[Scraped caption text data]
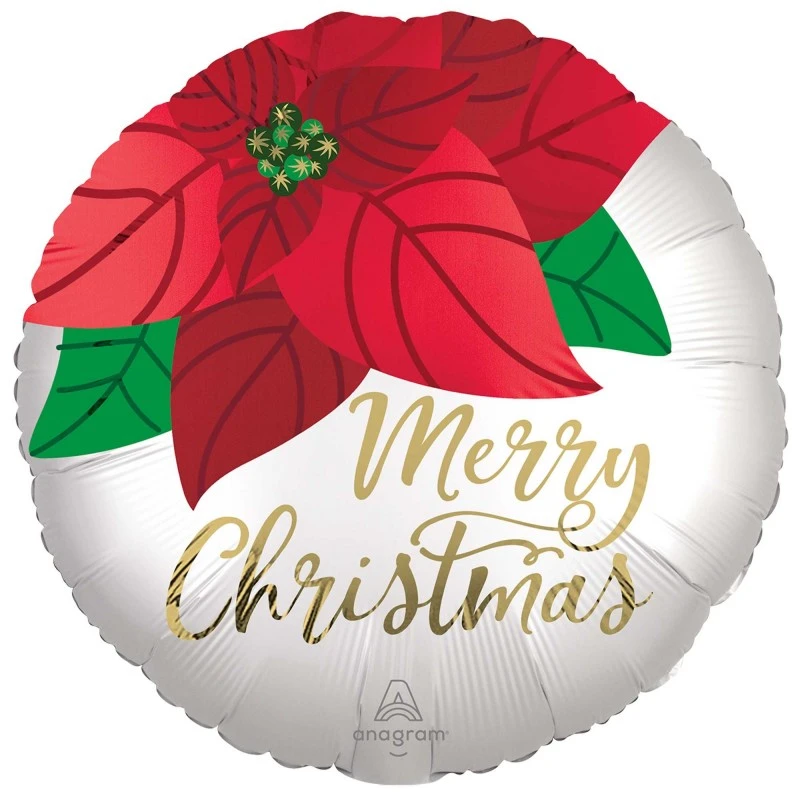 Merry Christmas Poinsettia Round Foil Balloon 1 Merry Christmas Poinsettia Round Foil Balloon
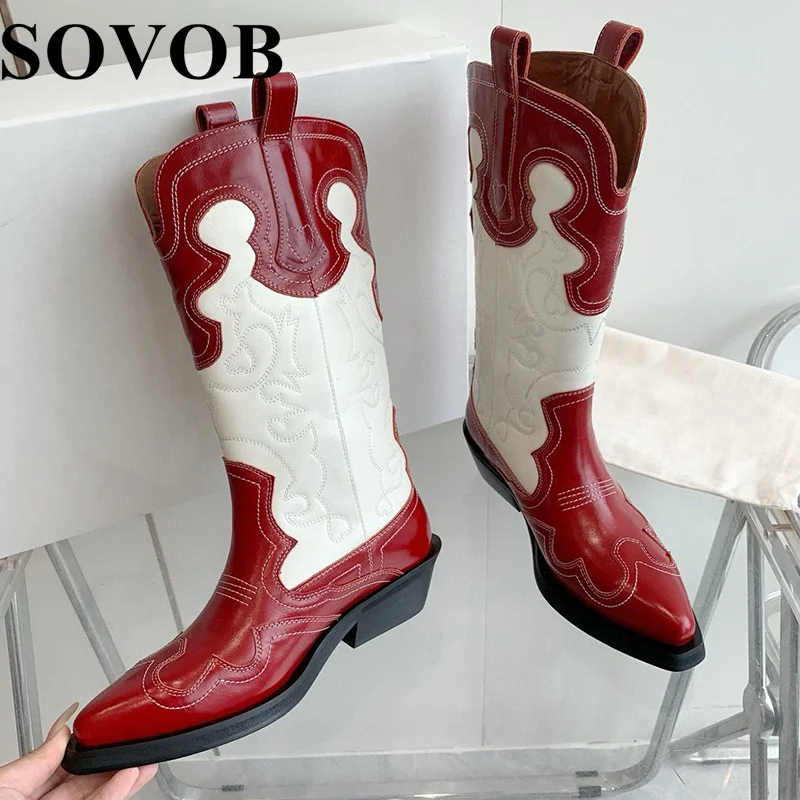 Spring Autumn Genuine Leather Embroidered Design Knee High Boots Women's Color Blocked Retro Thick Bottom Pointed Western Boots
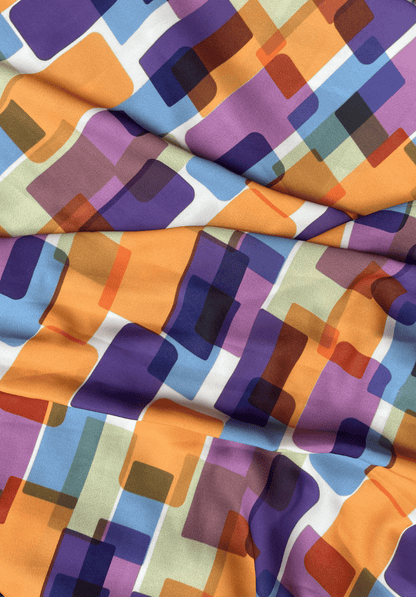 Retro Pop Geometry Digital Printed Crape Fabric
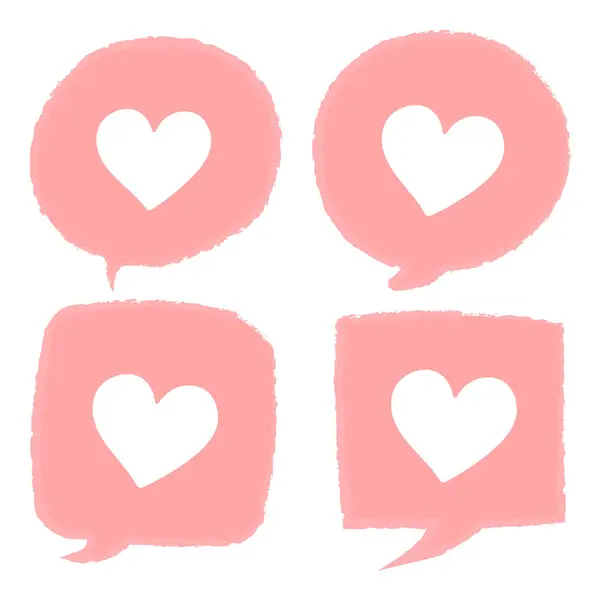 Simge malzemesi gibi basit kalp konuşma balonu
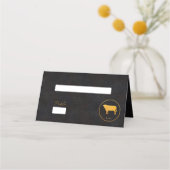 Carte De Placement Chic Mariage de boeuf noir et or Choix alimentaire (Devant)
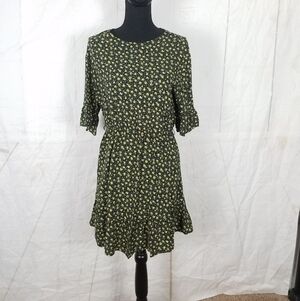 bebop black floral mini dress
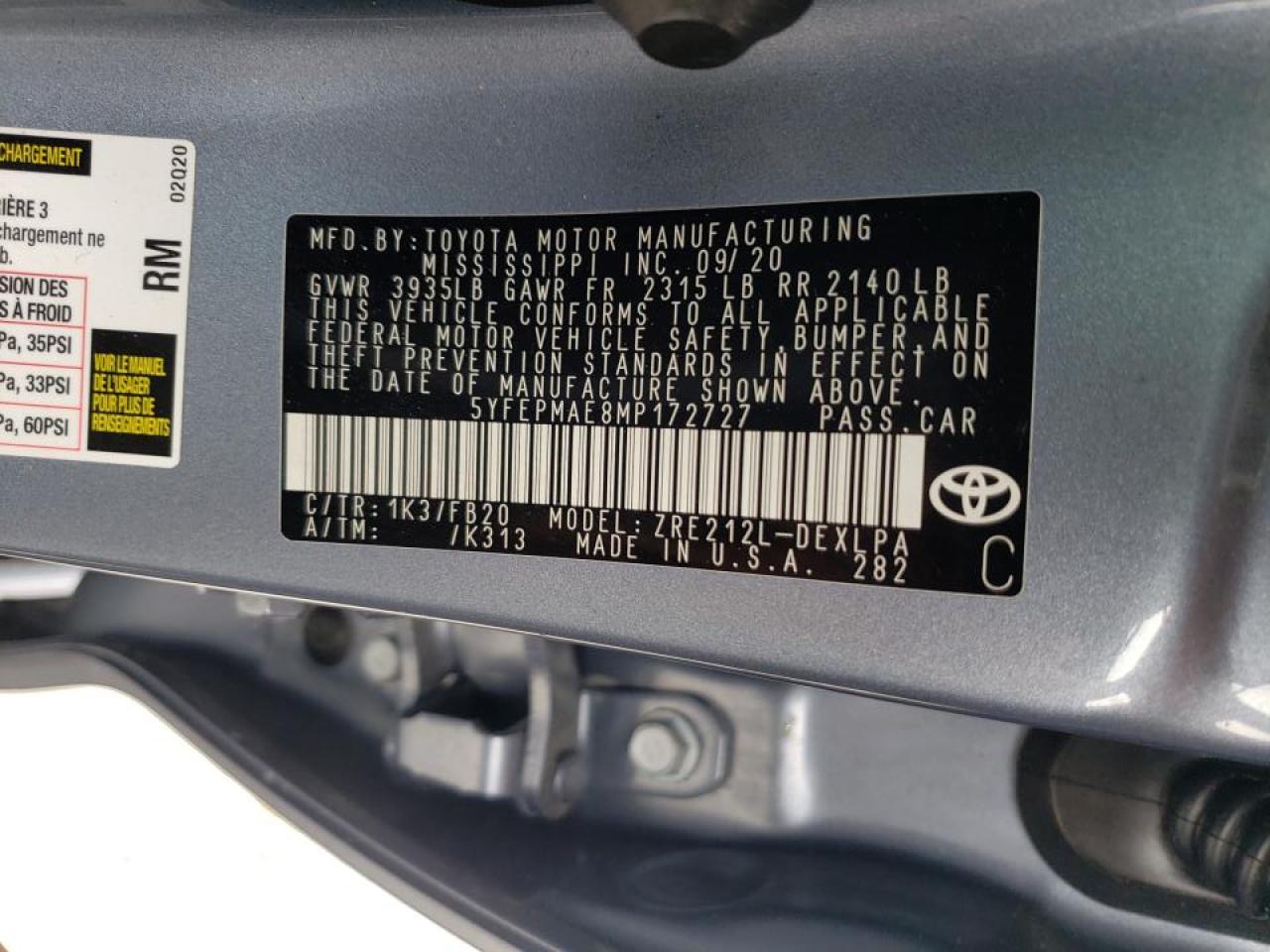 Photo 10 from auction – 2021 TOYOTA COROLLA LE with VIN 5YFEPMAE8MP172727
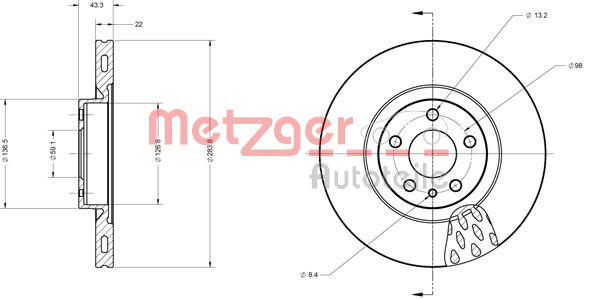 Bremsscheibe Vorderachse Metzger 6110084 von Metzger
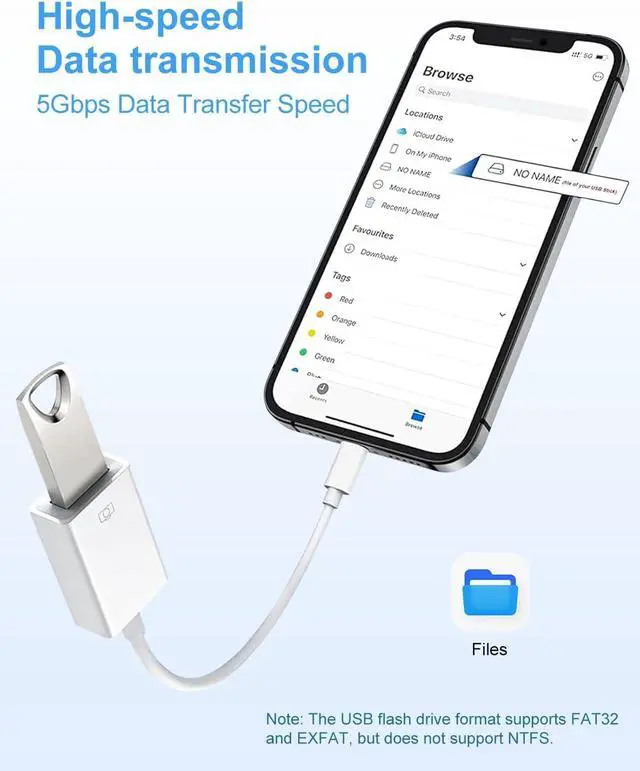 Alt view image 2 of 7 - USB to Lightning Adapter, Lightning Male to USB Female iPhone Adapter for iPhone 14 13 12 11 Pro Max X XS 8 7,iPad,iPhone Camera OTG Adapter Support Connect Camera,Flash Drive,Mouse,Card Reader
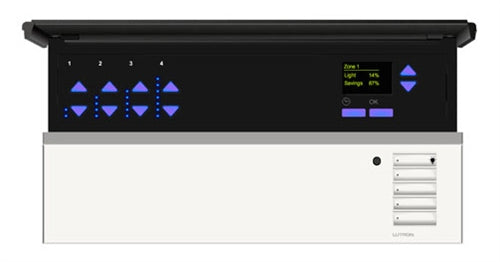 Lutron QSGRJ-4P-WH Grafik Eye QS Wireless Main Unit, 434 MHz RF Frequency, 4 Lighting Zones, 120V in White Base and White Cover
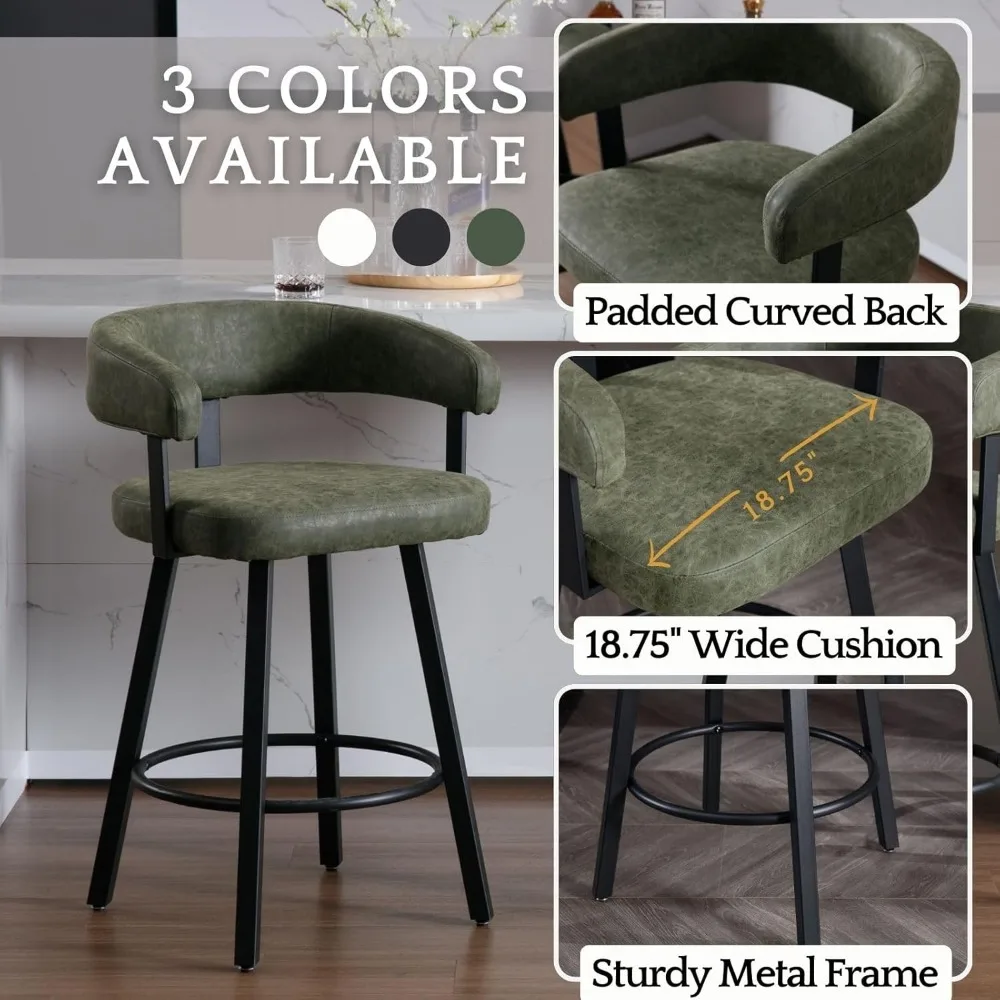Stylish PU Leather Bar Stools Set of 2 - 25.5" Counter Height with Padded Open Backrest for Modern Home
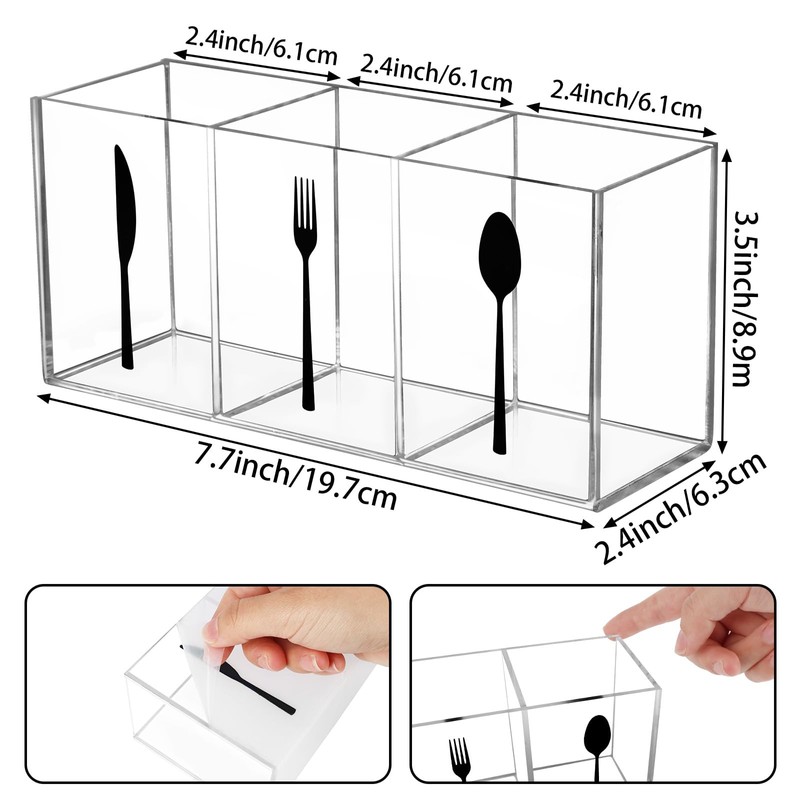 Hxezoc Clear Acrylic Cutlery Storage Organizer, Transparent Silverware Caddy 3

◆ Work instruction:
With the pictures omitted, print the lines above exactly, beginning at the line with "Spring Autumn Genuine" and going on through the line with "Bremsscheibe Vorderachse Metzger".

◆ Response to this exercise:
 Spring Autumn Genuine Leather Embroidered Design Knee High Boots Women's Color Blocked Retro Thick Bottom Pointed Western Boots
 Retro Pop Geometry Digital Printed Crape Fabric
 Simge malzemesi gibi basit kalp konuşma balonu
 Carte De Placement Chic Mariage de boeuf noir et or Choix alimentaire (Devant)
 bebop black floral mini dress
 Photo 10 from auction – 2021 TOYOTA COROLLA LE with VIN 5YFEPMAE8MP172727
 Bremsscheibe Vorderachse Metzger 6110084 von Metzger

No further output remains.